EXERCISE GOAL – Copy out each line of the data below in which "Picture" appears.

DATA SHOWN –

-*-*-

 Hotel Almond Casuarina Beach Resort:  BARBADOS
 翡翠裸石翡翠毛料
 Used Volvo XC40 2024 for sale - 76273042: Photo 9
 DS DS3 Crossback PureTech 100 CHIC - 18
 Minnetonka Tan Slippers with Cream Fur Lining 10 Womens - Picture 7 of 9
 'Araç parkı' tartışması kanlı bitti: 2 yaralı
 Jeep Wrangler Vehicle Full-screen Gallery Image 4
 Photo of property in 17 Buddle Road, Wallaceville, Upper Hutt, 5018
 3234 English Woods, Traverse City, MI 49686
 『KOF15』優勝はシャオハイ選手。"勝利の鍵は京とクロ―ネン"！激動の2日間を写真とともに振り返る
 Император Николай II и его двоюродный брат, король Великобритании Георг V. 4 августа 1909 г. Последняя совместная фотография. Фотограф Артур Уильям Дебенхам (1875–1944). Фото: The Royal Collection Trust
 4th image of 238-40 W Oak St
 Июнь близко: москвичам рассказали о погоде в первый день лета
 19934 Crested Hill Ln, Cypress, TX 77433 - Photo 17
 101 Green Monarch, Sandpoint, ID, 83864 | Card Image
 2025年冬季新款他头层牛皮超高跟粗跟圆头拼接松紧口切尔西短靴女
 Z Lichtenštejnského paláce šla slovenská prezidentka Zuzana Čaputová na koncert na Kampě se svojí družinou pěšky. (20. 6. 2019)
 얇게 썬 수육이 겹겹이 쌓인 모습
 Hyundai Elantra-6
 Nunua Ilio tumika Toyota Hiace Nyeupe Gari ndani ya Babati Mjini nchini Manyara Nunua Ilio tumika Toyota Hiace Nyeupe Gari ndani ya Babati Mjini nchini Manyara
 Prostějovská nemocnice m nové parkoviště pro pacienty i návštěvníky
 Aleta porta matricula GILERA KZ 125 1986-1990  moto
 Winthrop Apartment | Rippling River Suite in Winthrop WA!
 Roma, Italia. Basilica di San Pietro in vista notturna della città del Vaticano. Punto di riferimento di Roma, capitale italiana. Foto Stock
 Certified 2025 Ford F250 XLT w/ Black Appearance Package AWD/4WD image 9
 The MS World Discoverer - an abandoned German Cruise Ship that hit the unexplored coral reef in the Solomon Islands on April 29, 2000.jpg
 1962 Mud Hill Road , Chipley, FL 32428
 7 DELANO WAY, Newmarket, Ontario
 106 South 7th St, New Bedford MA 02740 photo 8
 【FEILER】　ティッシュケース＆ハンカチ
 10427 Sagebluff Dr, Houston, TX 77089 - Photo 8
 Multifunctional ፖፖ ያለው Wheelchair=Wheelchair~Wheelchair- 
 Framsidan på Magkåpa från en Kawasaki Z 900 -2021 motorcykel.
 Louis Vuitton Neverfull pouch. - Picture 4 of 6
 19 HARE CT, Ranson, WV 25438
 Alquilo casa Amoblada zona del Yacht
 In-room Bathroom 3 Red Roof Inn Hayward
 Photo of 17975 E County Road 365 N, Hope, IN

-*-*-

SOLUTION FOR THIS PROBLEM –
 Minnetonka Tan Slippers with Cream Fur Lining 10 Womens - Picture 7 of 9
 Louis Vuitton Neverfull pouch. - Picture 4 of 6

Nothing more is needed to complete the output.